The body count in the book is somwhere around all of Shakespeare's tragedies combined, and justice becomes a pretty abstract idea. But it works because Faust writes energetic prose with large doses of dark, violent, sexual humor. She keeps the pages turning rapidly with surprising plot twists and solid dialogue, and even makes you believe that Angel can live to tell us about this tale.
And so on the second of the Angel Dare stories and I have to say that this is just as fast paced and brutal as the first however as the cover (both front and back) shows the story moves from the world of porn to MMA.
I have to say that some of the scenes are disturbing although from my rather sheltered view of the world I do not doubt reflect aspects of the real world (this is why I think I am going to immerse myself in something utterly fantastical to disconnect).

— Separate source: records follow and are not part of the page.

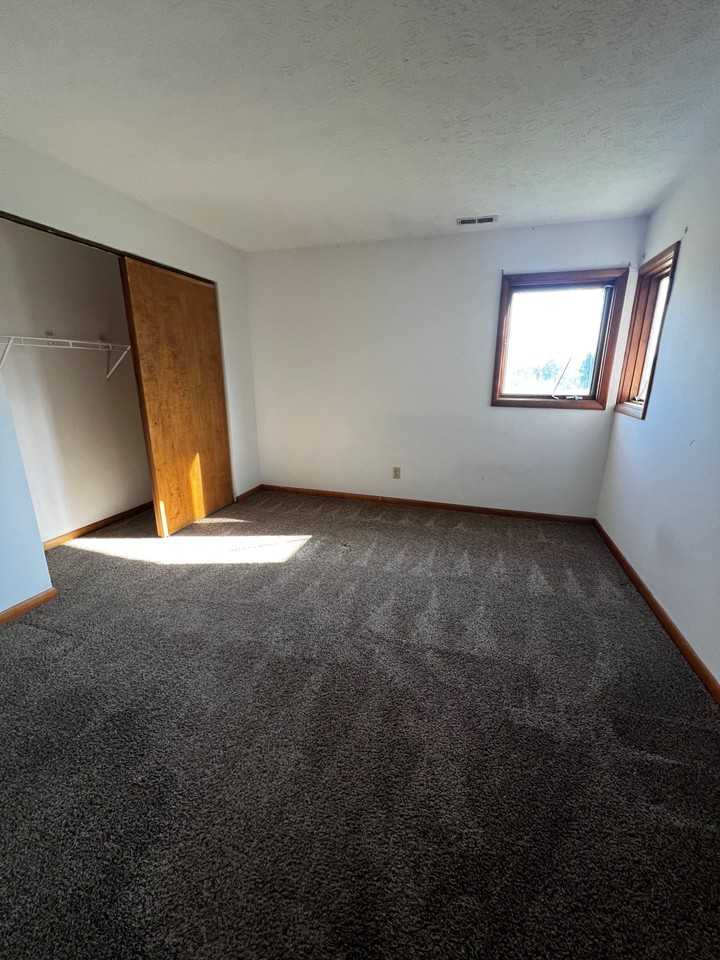 1150 Delphi Ave #10 - Photo 2 of 11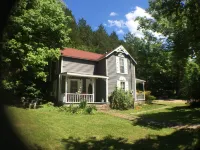 Downtown Eureka Springs Vacation Cottage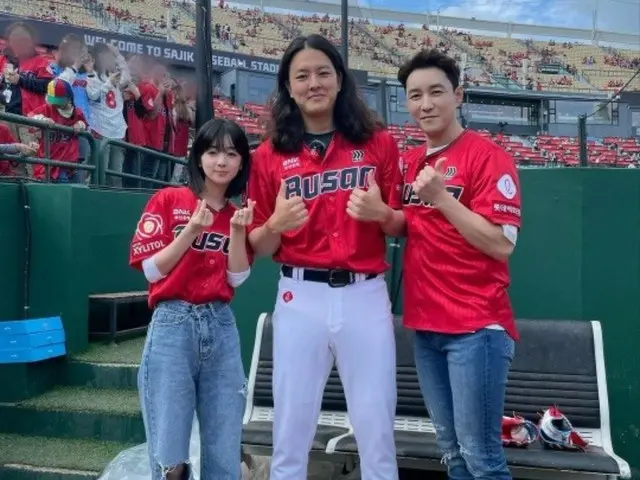 Nam diễn viên Shim Hyung Tak và cô vợ trẻ 18 tuổi Saya hẹn hò ở sân bóng chày? Tham gia nghi thức ném bóng và đánh bóng đầu tiên, thu hút sự chú ý nhờ “vẻ đẹp như búp bê”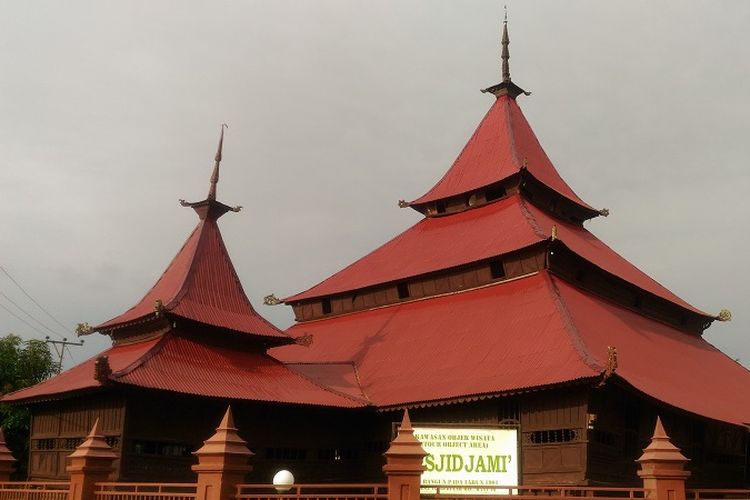 Arsitektur Masjid Jami Air Tiris di Kabupaten Kampar, Riau, disebut mengikuti arsitektur Masjid Demak. Foto diambil Jumat (26/5/2017).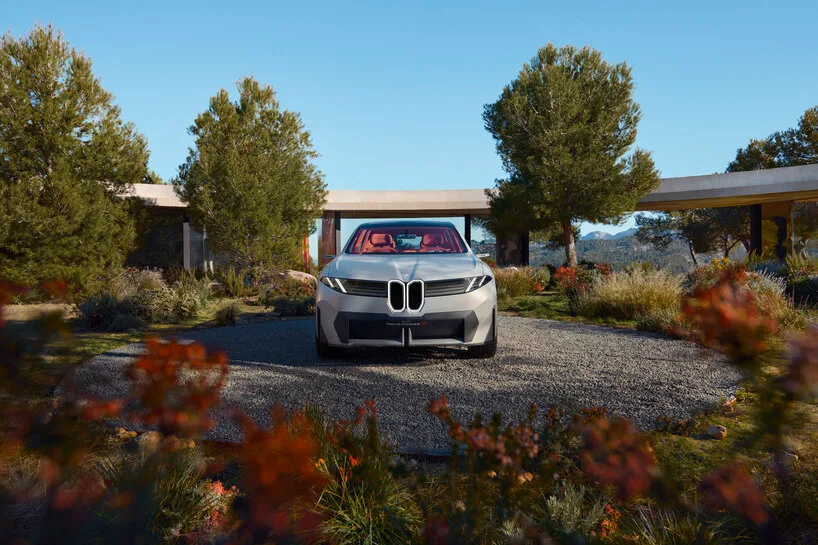 BMW تكشف عن سيارة Neue Klasse X الكهربائية بميزات رقمية متقدمة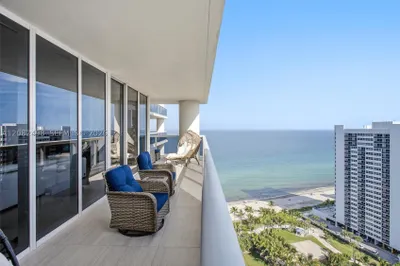 1850 S Ocean Dr #2305 1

However again we see the heroine of the story Angel dare stepping up and show the world her true resilience and the fact that she cannot rely on anyone around her (especially since they are nearly all men) and must consider the fact that the best person to look after her is herself.
This book is not for the easily shocked or offended however I have to say this book has demonstrated you can be a hero and a "badass" and a woman at the same time - Christina Faust I salute you and I hope this is not the end of Ms Dares story.
Choke Hold picks up not long after Money Shot ends, timewise it's maybe less than a year. It's not been easy time, though. Angel Dare has been in and out of the Witness Protection program. While there are some flashbacks to fill in what's happened in the meantime, the one thing you'll notice about this book is the pace. You know how people say things like "thrill ride" and "rollercoaster" and usually you just yawn? If Money Shot was a wild race, Choke Hold is desperate dash through a war torn bomb corridor. It simply doesn't let up for more than a breath now and then. And it's so noir you could black your shoes with it. Hope you never meet Angel Dare, because you're not too likely to survive it. When I finished this book -- and believe me, I barely put it down once I picked it up -- I went back and re-read quite a bit of it, picking apart just how Faust did what she did. Superb stuff.
Former adult-film star Angel Dare is one of the most original and compelling characters in modern noir fiction. She's tough and vulnerable, scared and courageous, cynical and sentimental. She's taken some damage (and she'll take quite a bit more in this book), but she's as capable of dishing out her own brand of damage in heaping helpings. And she'll use anything, from a gun to a shovel to her, shall we say, professional talents to survive and to defend the people she's promised to protect.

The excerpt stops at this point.